Q is for Queerbaiting
If you haven’t heard the term ‘queerbaiting,’ you’ve probably at least seen it in action. Queerbaiting is when a piece of media hints that a character may be queer as a way to draw in viewers and then refuses to acknowledge or flat out denies that the character might be queer. In an article for Emerson College’s Lash Magazine, Rebekah Bailey writes:
“Queer-baiting, for those who do not know, is the practice of television shows and movies putting in a little gay subtext, stirring up interest with queer fans, and then pulling a NO HOMO, MAN on the viewers . . . The mere speculation that a character could be gay is played for laughs, and if you don’t see something wrong there, then there’s something wrong.”
So why is queerbaiting a problem?
First of all, there’s a huge lack of representation of queer characters in television and films.
In the 2014-2015 prime time lineup, only 3.9% of regular characters are LGBTQIAP.
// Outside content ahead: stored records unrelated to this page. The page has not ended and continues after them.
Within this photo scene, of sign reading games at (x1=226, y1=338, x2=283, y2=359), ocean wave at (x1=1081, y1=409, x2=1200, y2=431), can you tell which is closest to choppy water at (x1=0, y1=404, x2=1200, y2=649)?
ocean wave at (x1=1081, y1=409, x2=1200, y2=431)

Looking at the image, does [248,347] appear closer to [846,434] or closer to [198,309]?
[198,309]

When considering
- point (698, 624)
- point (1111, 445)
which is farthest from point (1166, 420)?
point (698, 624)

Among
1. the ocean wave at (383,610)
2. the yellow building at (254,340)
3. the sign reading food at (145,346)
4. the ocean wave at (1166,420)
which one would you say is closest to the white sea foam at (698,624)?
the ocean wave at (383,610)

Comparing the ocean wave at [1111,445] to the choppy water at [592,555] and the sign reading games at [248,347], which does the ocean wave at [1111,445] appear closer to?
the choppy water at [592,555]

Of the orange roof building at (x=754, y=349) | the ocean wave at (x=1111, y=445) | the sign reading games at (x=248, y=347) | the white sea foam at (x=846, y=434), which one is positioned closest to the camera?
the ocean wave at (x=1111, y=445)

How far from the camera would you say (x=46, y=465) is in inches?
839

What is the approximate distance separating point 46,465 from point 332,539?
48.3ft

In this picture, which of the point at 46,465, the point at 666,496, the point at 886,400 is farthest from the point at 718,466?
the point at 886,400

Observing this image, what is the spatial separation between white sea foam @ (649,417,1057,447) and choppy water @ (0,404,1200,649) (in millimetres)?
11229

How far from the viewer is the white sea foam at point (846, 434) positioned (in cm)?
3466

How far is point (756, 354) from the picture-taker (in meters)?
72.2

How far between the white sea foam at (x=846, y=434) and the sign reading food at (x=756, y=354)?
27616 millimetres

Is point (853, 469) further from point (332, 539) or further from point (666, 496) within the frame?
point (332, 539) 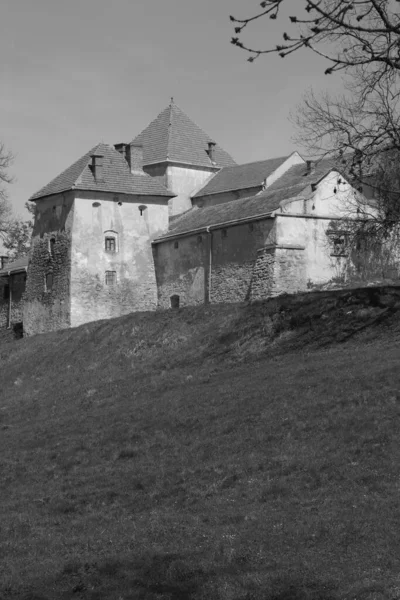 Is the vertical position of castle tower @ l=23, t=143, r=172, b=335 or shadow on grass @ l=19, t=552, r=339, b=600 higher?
castle tower @ l=23, t=143, r=172, b=335

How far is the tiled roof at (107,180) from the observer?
55.7 meters

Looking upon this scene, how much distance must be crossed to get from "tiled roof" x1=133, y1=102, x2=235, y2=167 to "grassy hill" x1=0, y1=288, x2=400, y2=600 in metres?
26.7

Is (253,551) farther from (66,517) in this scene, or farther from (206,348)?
(206,348)

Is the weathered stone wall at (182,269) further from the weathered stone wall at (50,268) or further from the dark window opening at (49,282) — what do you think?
the dark window opening at (49,282)

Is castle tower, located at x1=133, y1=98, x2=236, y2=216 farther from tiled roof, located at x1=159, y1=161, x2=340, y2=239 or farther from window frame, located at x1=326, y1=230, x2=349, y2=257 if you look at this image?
window frame, located at x1=326, y1=230, x2=349, y2=257

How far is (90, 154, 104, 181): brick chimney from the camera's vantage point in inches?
2212

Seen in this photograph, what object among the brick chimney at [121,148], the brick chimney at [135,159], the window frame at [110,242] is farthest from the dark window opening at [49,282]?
the brick chimney at [121,148]

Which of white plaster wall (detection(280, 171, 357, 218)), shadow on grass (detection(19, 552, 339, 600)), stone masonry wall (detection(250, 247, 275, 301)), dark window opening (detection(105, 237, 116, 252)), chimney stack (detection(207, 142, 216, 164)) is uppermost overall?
chimney stack (detection(207, 142, 216, 164))

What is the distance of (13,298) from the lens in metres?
62.6

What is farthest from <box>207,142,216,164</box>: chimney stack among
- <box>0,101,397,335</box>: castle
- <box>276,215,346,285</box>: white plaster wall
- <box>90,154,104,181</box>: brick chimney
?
<box>276,215,346,285</box>: white plaster wall

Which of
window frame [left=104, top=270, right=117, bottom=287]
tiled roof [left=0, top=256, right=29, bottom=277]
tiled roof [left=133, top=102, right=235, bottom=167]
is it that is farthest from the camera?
tiled roof [left=133, top=102, right=235, bottom=167]

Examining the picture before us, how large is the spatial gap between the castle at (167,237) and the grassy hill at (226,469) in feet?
29.3

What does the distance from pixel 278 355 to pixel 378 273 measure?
16643mm

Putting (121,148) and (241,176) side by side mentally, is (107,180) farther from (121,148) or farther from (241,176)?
(241,176) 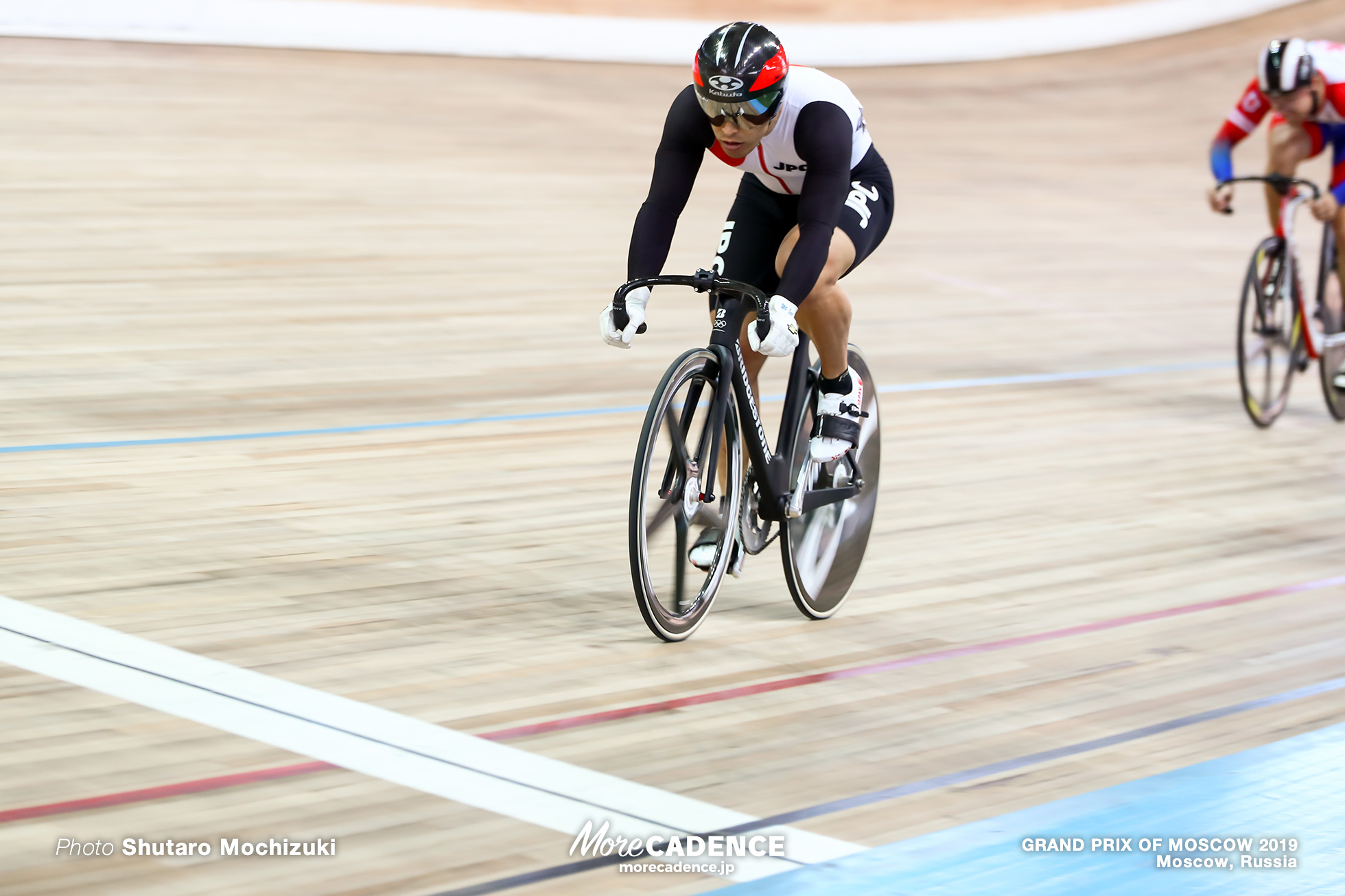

That’s pretty abysmal. Queerbaiting hints at the possibility of queer people rather than actually having queer representation. Viewers shouldn’t have to feel like detectives trying to discover if a character is queer or not. We’ve moved passed the era where queerness fell under “sex perversion,” and therefore could not be represented in television or film (alongside miscegenation and any blasphemous mentions of God, mind you). We don’t have to refer to queer characters in subtext anymore, and yet, that’s where they remain.
To hint at a character being queer, and then flat out deny any possibility of the character actually being queer, is problematic. Queerbaiting is exploitative as it is used to bring in viewers who are interested in queer characters without actually putting in queer characters. When a fan tweeted Supernatural story supervisor Chad Kennedy about the possibility of revealing the characters Dean and Castiel as bisexual, due to subtext that hints at the characters’ bisexuality,
“He replied that there were ‘no plans for bisexual characters’ in [Supernatural] . . . Kennedy quickly amended that he wouldn’t be opposed to such a story and didn’t know if it would ever happen. Responding to angry Dean/Cas fans, [executive producer Adam Glass] tweeted, ‘It’s three episodes in, we got a whole season. Wait and see.’”
In an attempt to hold on to viewers, they continued to imply the possibility of making the characters canonically queer, despite revealing that there were no plans to. Shows and films do this in an attempt to draw in viewers who want to see queer characters without offending those who do not.
At this point in the argument someone will inevitably cry out, “But that’s just fanservice! They shouldn’t compromise the quality of the show just to please some fans!” Changing the entire direction of a show simply to go along with fan ideas is one thing. When queerness is so strongly hinted at that other characters within the show reference it happening, and all it would require is a simple comment about the character’s sexuality without creating a story arch of it’s own, that is not fanservice. In this case, the integrity of the story cannot be argued.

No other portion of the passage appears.